*Activity*
Reproduce all of the data exactly, with no line skipped.

[Material shown — start]

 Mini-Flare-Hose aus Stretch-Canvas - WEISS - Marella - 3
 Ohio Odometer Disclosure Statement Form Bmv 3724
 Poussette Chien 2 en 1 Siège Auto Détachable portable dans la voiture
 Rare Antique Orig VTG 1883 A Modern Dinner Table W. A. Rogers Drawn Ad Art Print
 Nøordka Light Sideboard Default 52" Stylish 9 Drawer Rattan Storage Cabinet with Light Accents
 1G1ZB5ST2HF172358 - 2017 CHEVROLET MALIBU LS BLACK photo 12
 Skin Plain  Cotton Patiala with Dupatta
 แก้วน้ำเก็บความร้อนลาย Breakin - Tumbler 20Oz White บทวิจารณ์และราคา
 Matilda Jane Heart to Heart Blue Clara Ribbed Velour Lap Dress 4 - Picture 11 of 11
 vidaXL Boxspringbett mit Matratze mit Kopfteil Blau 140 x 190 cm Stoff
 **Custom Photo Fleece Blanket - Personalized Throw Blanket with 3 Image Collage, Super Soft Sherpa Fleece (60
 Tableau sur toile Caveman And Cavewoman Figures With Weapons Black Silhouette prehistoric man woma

[Material shown — finish]

*Task answer*
 Mini-Flare-Hose aus Stretch-Canvas - WEISS - Marella - 3
 Ohio Odometer Disclosure Statement Form Bmv 3724
 Poussette Chien 2 en 1 Siège Auto Détachable portable dans la voiture
 Rare Antique Orig VTG 1883 A Modern Dinner Table W. A. Rogers Drawn Ad Art Print
 Nøordka Light Sideboard Default 52" Stylish 9 Drawer Rattan Storage Cabinet with Light Accents
 1G1ZB5ST2HF172358 - 2017 CHEVROLET MALIBU LS BLACK photo 12
 Skin Plain  Cotton Patiala with Dupatta
 แก้วน้ำเก็บความร้อนลาย Breakin - Tumbler 20Oz White บทวิจารณ์และราคา
 Matilda Jane Heart to Heart Blue Clara Ribbed Velour Lap Dress 4 - Picture 11 of 11
 vidaXL Boxspringbett mit Matratze mit Kopfteil Blau 140 x 190 cm Stoff
 **Custom Photo Fleece Blanket - Personalized Throw Blanket with 3 Image Collage, Super Soft Sherpa Fleece (60
 Tableau sur toile Caveman And Cavewoman Figures With Weapons Black Silhouette prehistoric man woma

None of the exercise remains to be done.